Oviedo, together with dozens of women’s rights defenders from Latin America, Europe, Asia and Africa, attended the May 7-10 seminar “Incidencia en red: el desafío que los estados cumplan con los derechos humanos de las mujeres” (Networking: Challenging States to Respect Women’s Human Rights).

CLADEM, founded in 1987, launched a campaign in 2011 with the slogan “For a state that fulfills its duties towards women’s human rights. The time has arrived!” Financed by the European Union and the Dutch organization Oxfam Novib, the campaign will conclude in 2015.

In Latin America, indicators on primary school education, employment and incomes have improved over the past decade, but there are still significant gaps between the status of women and men in this region with a highly patriarchal culture.

There are some 163 million economically active men and 113 million women in the region. By 2020 these figures are forecast to rise to 188 million and 141 million respectively, according to the Economic Commission for Latin America and the Caribbean (ECLAC).

There is an upward trend for women’s employment, and ECLAC estimates that by 2020, 56 percent of women will be working outside the home, compared to 52 percent in 2010.

“Inequality and injustice underlie day-to-day violence,” Gabriela Delgado, of the human rights program at the state National Autonomous University of Mexico (UNAM), told IPS. “The bottleneck for women’s struggles is the justice system. This means that structural changes are needed.”

Among the states’ pending debts in this area are legislative reforms to establish formal equality under the law, and the enforcement of policies to achieve the goals of access to economic resources, violence-free lives, sexual and reproductive rights and non-sexist education to combat discrimination.

Activists have identified laws that tolerate marital rape and other kinds of rape, endorse different minimum ages at which men and women can marry, or grant greater rights to men on marriage, in countries like Argentina, Bolivia, Guatemala, Haiti, Nicaragua and Panama.

Between 17 and 53 percent of women in the region are victims of violence, and this scenario is exacerbated because 92 percent of reported crimes go unpunished.

And abortion largely remains illegal in Latin America.

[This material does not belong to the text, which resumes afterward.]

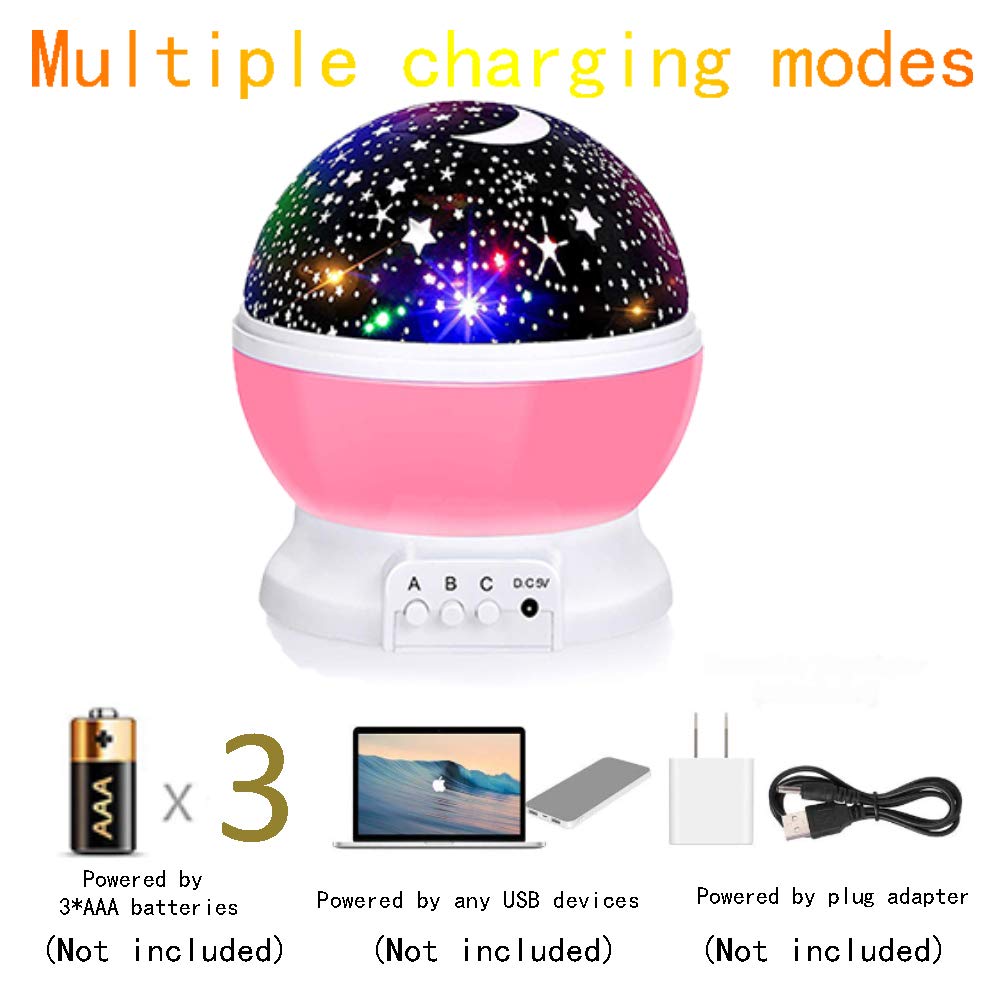 Borelor Star Night Light Projector, 12 Color Modes, 3 Piece Set, USB, Red, Model 178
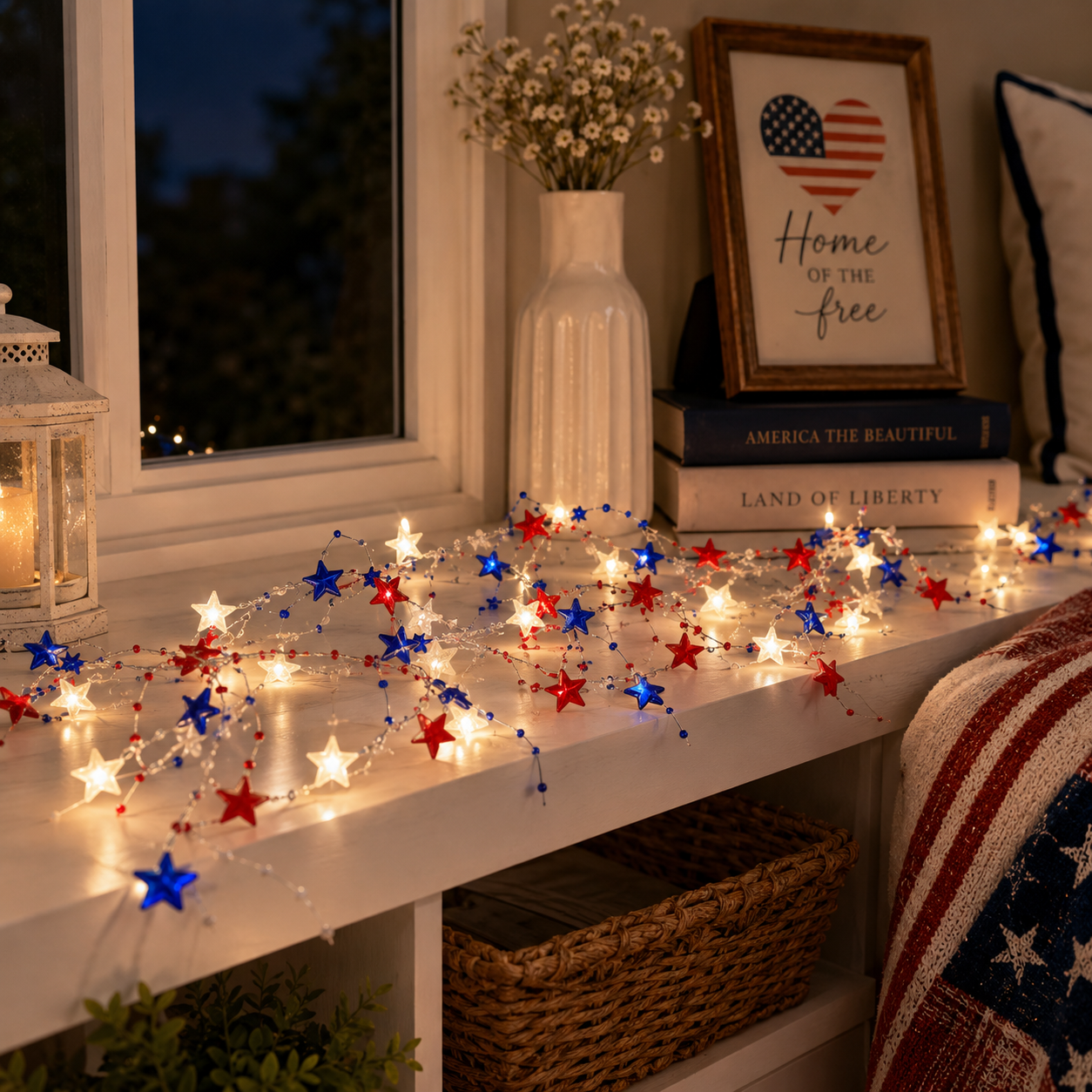 Fourth of July Garland Patriotic Lights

In the view of Rosa Cobo, an academic at Spain’s public University of A Coruña, a mixture of age-old forms of violence are reemerging, together with new phenomena linked to the illegal economy and organized crime.

“We are living in a world characterized by geopolitical, economic, political and patriarchal disorder, which produces excessive violence that always affects the most disadvantaged and the weakest sectors,” Cobo told IPS.

She cited as examples the femicides (gender-based murders of women) in Guatemala and Ciudad Juárez, on the border between Mexico and the United States; gender violence in armed conflicts; the trafficking of women for sexual exploitation; and the sale of women into marriage in Asia.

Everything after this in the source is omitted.